[[ Excerpted records, beginning ]]

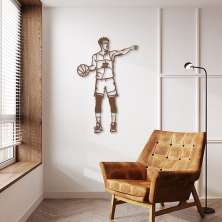 Quadro Escultura Jogador de Basquete B 80x50 Marrom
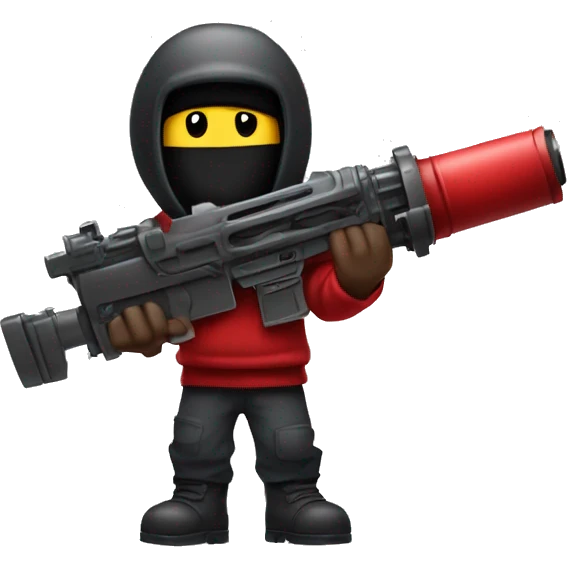 red among us character holding m134 minigun emoji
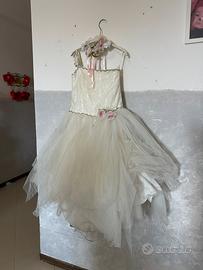 Vestito da comunione bianco antico gonna in tulle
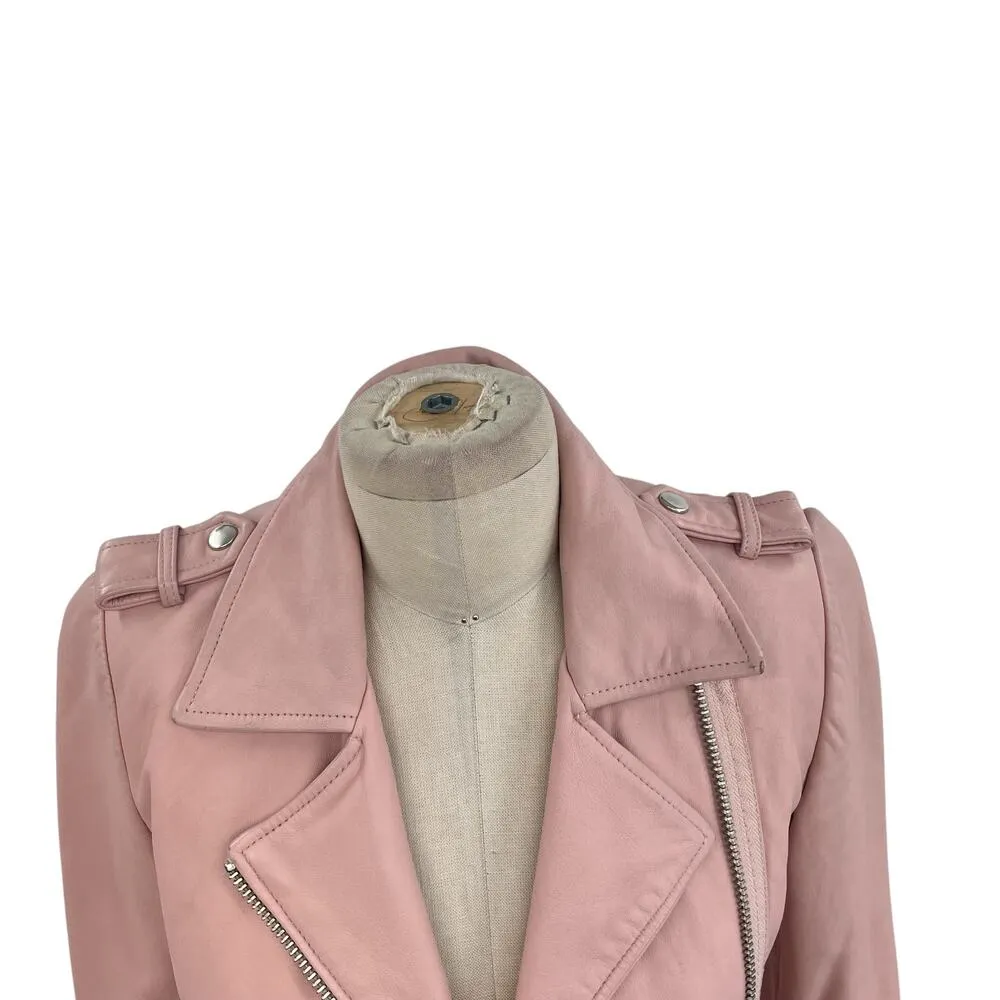 Dylan Gray Leather‎ Moto Jacket Blush Pink Zip Front Size XS - Image 2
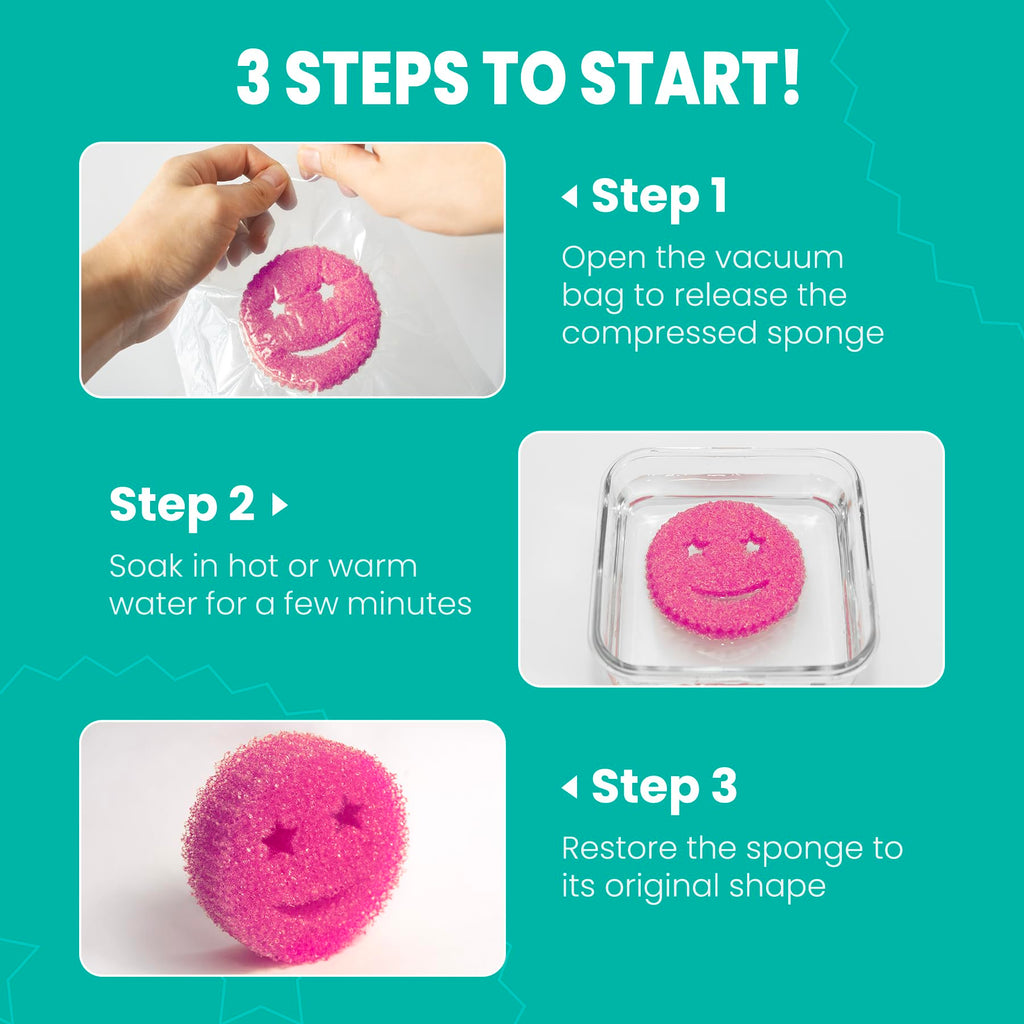 HELIME Scrub Sponge Dish Scrubber, Non Scratch Multipurpose Sponges, Temperature Controlled Dual Sided Cleaning Pads, Durable BPA Free and Odor Resistant Polymer Foam, Safe for Kitchen, Bathroom
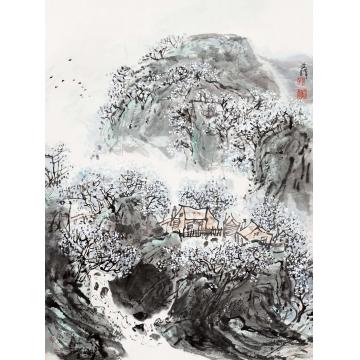 孙文铎国画山水山梨花开字画之家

[[ Excerpted records, end ]]

▶ **Directions**
Copy out exactly, without any pictures, the lines above that begin at the one with "Dylan Gray Leather‎" and end at the last line of the listing.

▶ **Reply to the task**
 Dylan Gray Leather‎ Moto Jacket Blush Pink Zip Front Size XS - Image 2
 HELIME Scrub Sponge Dish Scrubber, Non Scratch Multipurpose Sponges, Temperature Controlled Dual Sided Cleaning Pads, Durable BPA Free and Odor Resistant Polymer Foam, Safe for Kitchen, Bathroom
 孙文铎国画山水山梨花开字画之家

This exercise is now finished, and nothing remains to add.